(Given information)
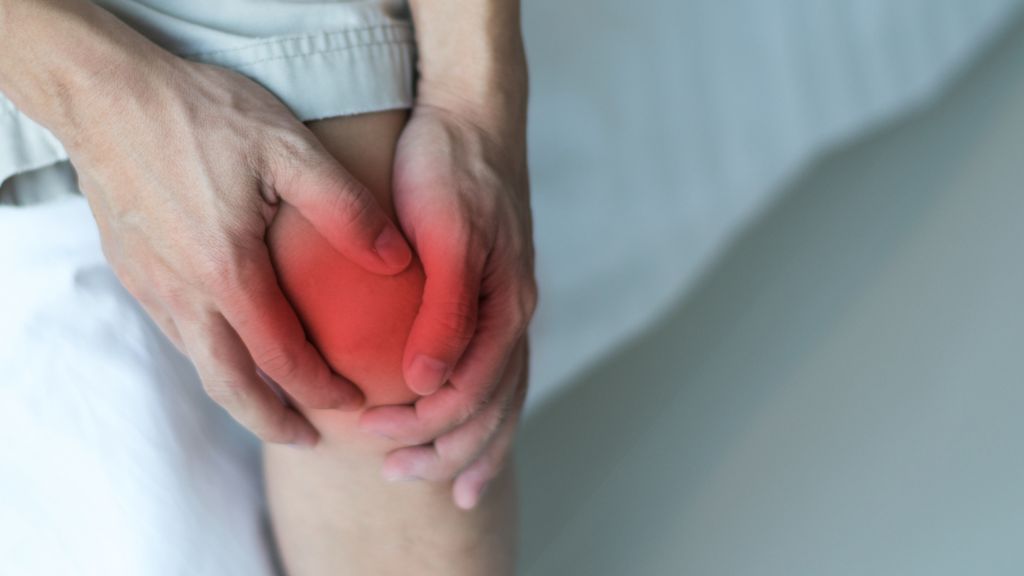 🦵 ¿Por qué pueden pasar 24 horas hasta que empieza a doler una rotura de menisco?

Nos lo explica <a href="/drbernaldez/">Dr.Pedro Bernáldez</a>, especialista en traumatología deportiva y cirugía ortopédica y director de <a href="/SportMeSevilla/">Traumatología Deportiva SPORTMe @DrBernaldez</a>

📻 @LaTardeMarilo

Escúchalo aquí 👇
🌐 csur.red/CsAT50Qp5b7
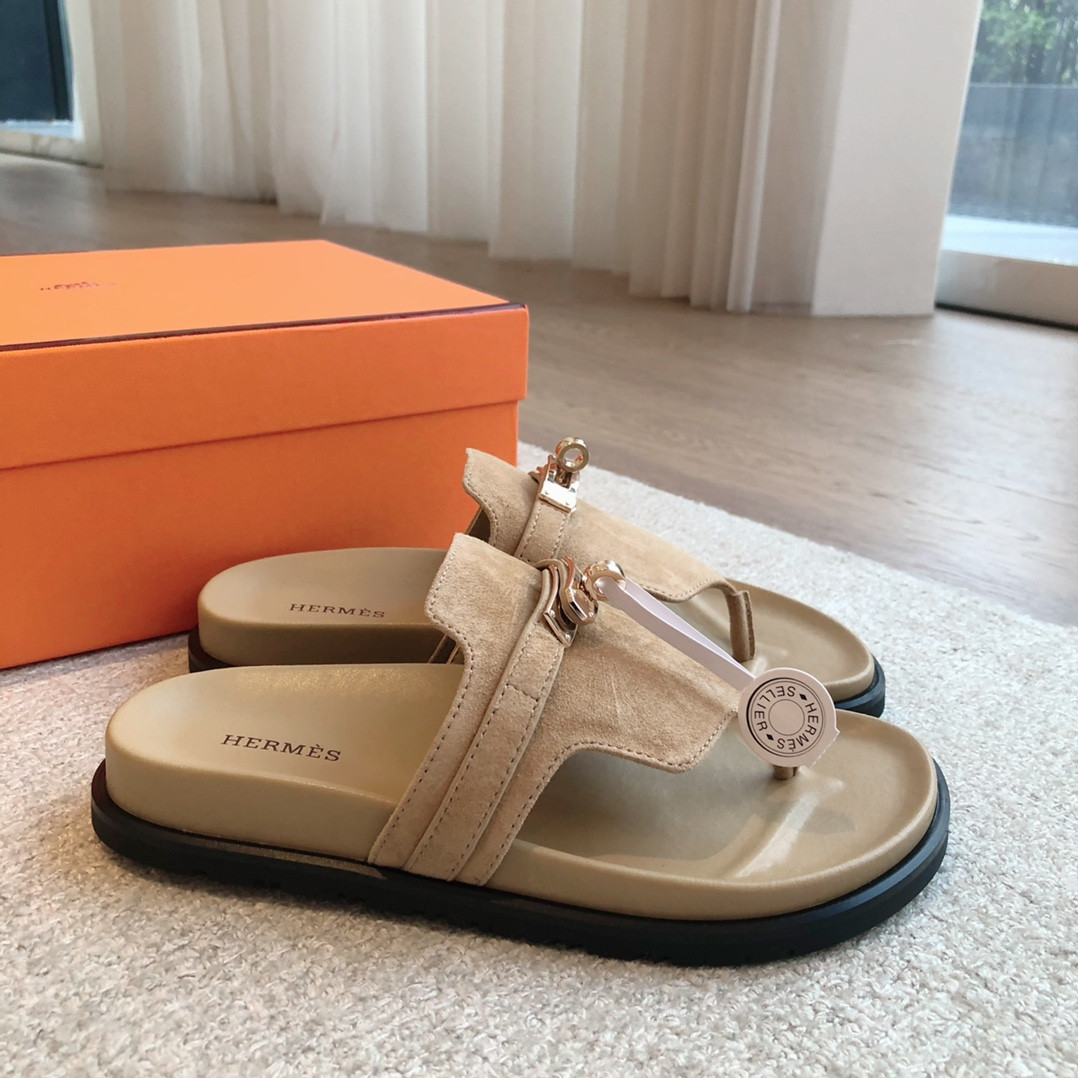 ua H**mes empire sandal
(End Given information)
Work required:
Could you return all of the entries above exactly, without any images?

Exercise answer:
 🦵 ¿Por qué pueden pasar 24 horas hasta que empieza a doler una rotura de menisco?

Nos lo explica <a href="/drbernaldez/">Dr.Pedro Bernáldez</a>, especialista en traumatología deportiva y cirugía ortopédica y director de <a href="/SportMeSevilla/">Traumatología Deportiva SPORTMe @DrBernaldez</a>

📻 @LaTardeMarilo

Escúchalo aquí 👇
🌐 csur.red/CsAT50Qp5b7
 ua H**mes empire sandal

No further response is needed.